Are you saying just walking by the car or being close to it is causing the mirrors to unfold and the lights to flash without touching the car?


----------



## John (Apr 16, 2016)

Rich M said:


> Something isn't right here. After you walk away and the car locks, it shouldn't unlock until you walk up with the phone and pull a door handle.
> Are you saying just walking by the car or being close to it is causing the mirrors to unfold and the lights to flash without touching the car?


I think he's saying if someone went in his carport-and carports are open to the outside, no door-while he had his phone in the house next to the garage, they could open the door of his car. That's effectively the same as unlocked.


----------



## coredumperror (Mar 23, 2018)

John said:


> I think he's saying if someone went in his carport-and carports are open to the outside, no door-while he had his phone in the house next to the garage, they could open the door of his car. That's effectively the same as unlocked.


Correct. Leaving my phone in my living room and walking downstairs to the carport allows me to open my car's doors. At which point the mirrors unfold, the HVAC system comes online, etc. There's no visual indication that the car is unlocked, but a thief won't expect that, anyway. And I confirmed that the car CAN be driven away with my phone still sitting in the living room. So yeah, Phone Key is a big NOPE for me.
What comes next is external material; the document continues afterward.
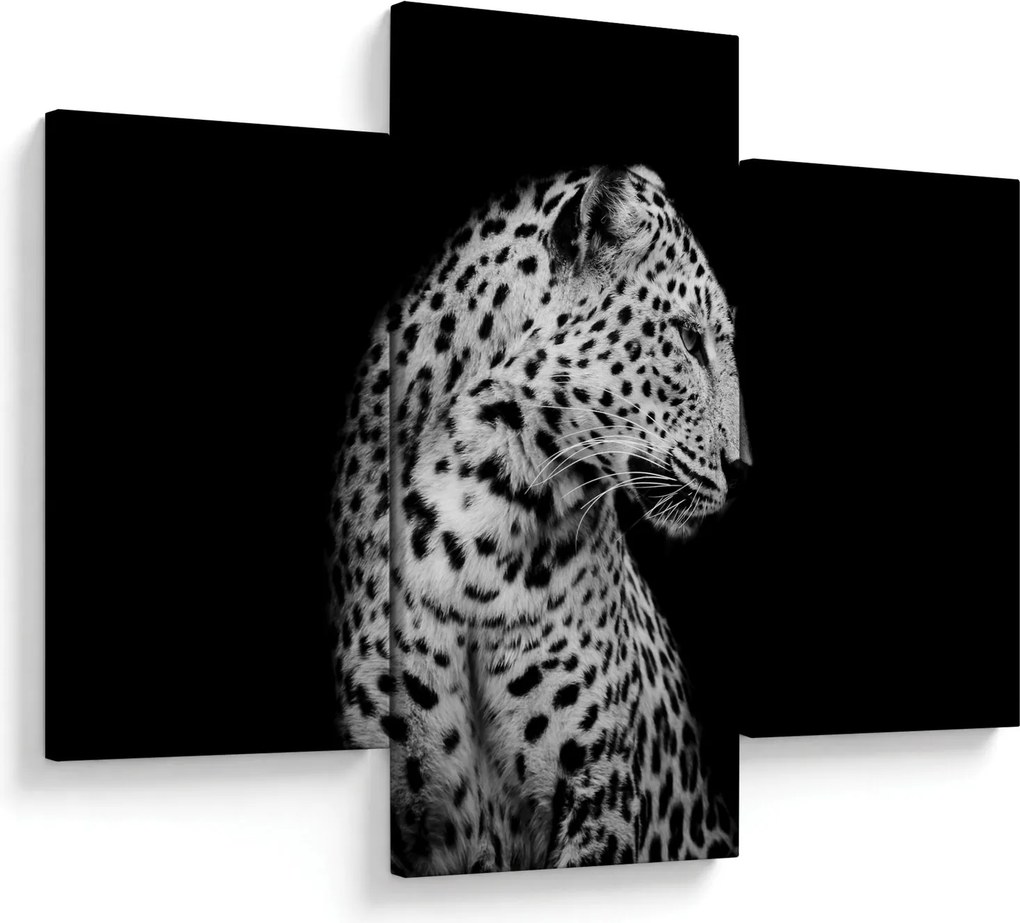 Tablou - Leopardul (90x60 cm)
I've spoken to Tesla customer support about this, and they know about the issue. Apparently, "carport-under-living-room" is a common configuration in San Francisco, so quite a lot Model 3 owners are in the same situation as me. Sadly, the support rep said that Tesla doesn't currently have any plans to address this problem.


----------



## jsmay311 (Oct 2, 2017)

xnappo said:


> You probably already saw in the other thread, but I already fixed all the phones.
> 
> 
> 
> ...


I tried this with my iPhone "wallet case" with the key card in it and tapping the phone to the pillar and it didn't work. (With the card on the side of the phone facing the car, of cource.) Removing all other credit cards from the case made no difference.

Even after taking the key card out the case, if I held the phone close enough to the card when talking it on the pillar, the iphone seemed to prevent the car's sensor from reading the card.


----------



## oripaamoni (Jan 25, 2018)

coredumperror said:


> Correct. Leaving my phone in my living room and walking downstairs to the carport allows me to open my car's doors. At which point the mirrors unfold, the HVAC system comes online, etc. There's no visual indication that the car is unlocked, but a thief won't expect that, anyway. And I confirmed that the car CAN be driven away with my phone still sitting in the living room. So yeah, Phone Key is a big NOPE for me.
> 
> I've spoken to Tesla customer support about this, and they know about the issue. Apparently, "carport-under-living-room" is a common configuration in San Francisco, so quite a lot Model 3 owners are in the same situation as me. Sadly, the support rep said that Tesla doesn't currently have any plans to address this problem.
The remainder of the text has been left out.